Masyarakat suku Baduy biasanya membawa tas ini dengan cara dijinjing pada bagian pundak atau disilangkan. Keunikan tas koja juga dapat dilihat dari ukuran yang bermacam-macam serta warna cokelat yang asli dihasilkan dari kulit pohon teureup, tanpa menggunakan pewarna buatan. Tas ini biasanya digunakan dalam kegiatan berladang, bercocok tanam, hingga menangkap ikan disungai. Belakangan ini, koja dijual untuk souvenir bagi wisatawan yang datang berkunjung ke Baduy.
Perlu waktu dua tahun agar pohon teureup dapat digunakan kembali sebagai bahan pembuatan tas koja. Pada tahun ke dua umur kulit teureup mampu memberikan kualitas yang terbaik dari segi kekuatan dan ketahanannya. Ketika tas tersebut sudah tidak terpakai oleh pemiliknya, tas koja ini akan membusuk secara alami, dan penggunaannya pun dimanfaatkan oleh masyarakat suku Baduy sebagai pupuk dan bahan pengobatan tradisional.
Suku Baduy, suku adat Sunda yang berada di wilayah Lebak, Jawa Barat, kental akan nilai-nilai tradisional dan nilai kearifan lokal. Mereka menjalin interaksi dengan alam tanpa harus saling merugikan atau merusak.

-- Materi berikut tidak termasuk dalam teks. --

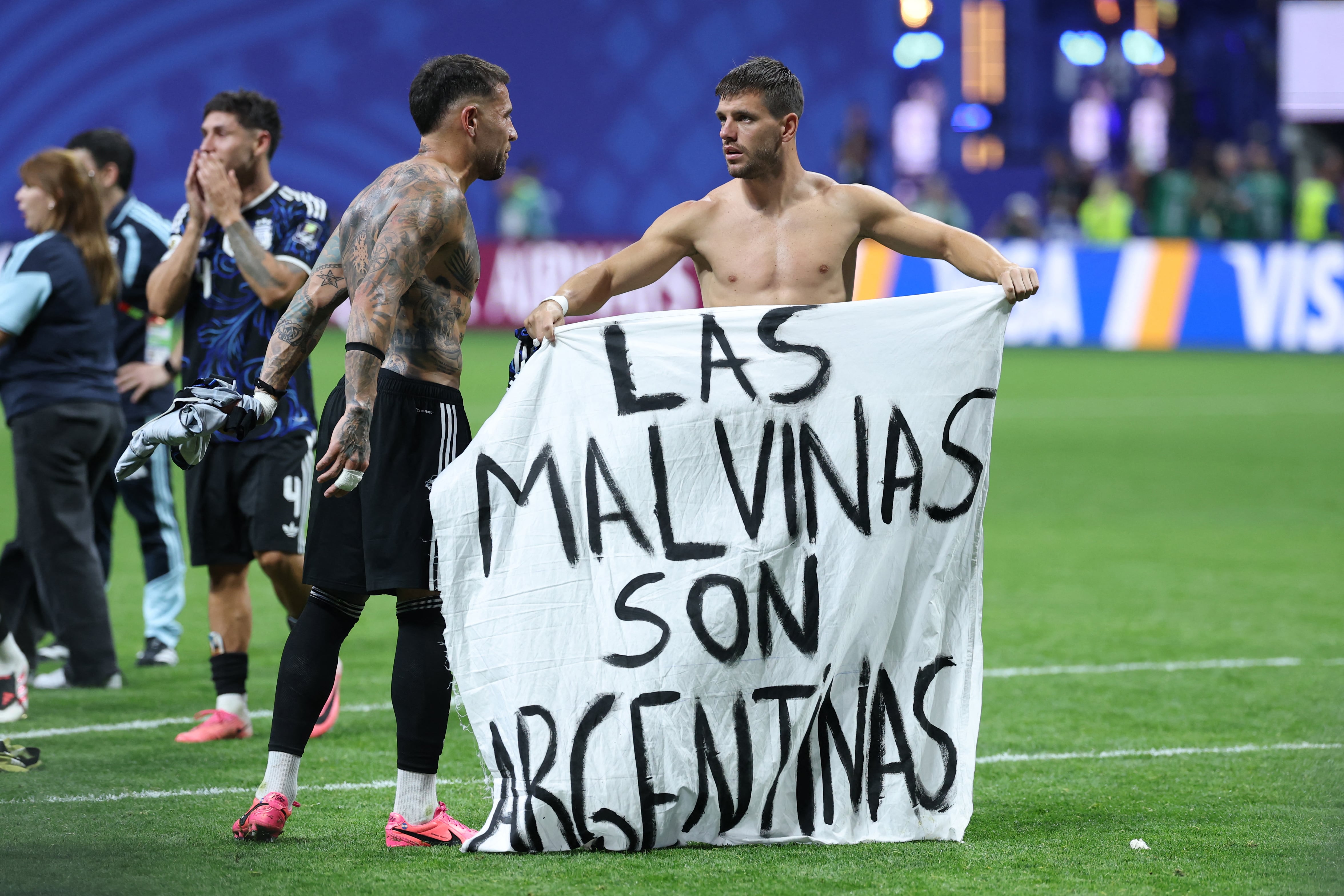 Argentina's defender #19 Nicolas Otamendi (L) and midfielder #11 Giovani Lo Celso show a banner that reads in Spanish, "The Malvinas (Falkland Islands) belong to Argentina," after winning the 2026 World Cup football tournament semi-final match between England and Argentina at the Atlanta Stadium in Atlanta on July 15, 2026.  (Photo by Thomas COEX / AFP)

Mereka menghormati etika alam (law of nature) dengan mengembangkan sejumlah norma atau nilai yang dianut oleh masyarakat.
Belajar dari interaksi dan kearifan suku Baduy terhadap alam, sudah sepatutnya kita memanfaatkan kekayaan alam yang dimiliki negeri ini dengan secukupnya dan arif tanpa mengeksploitasikannya secara berlebihan.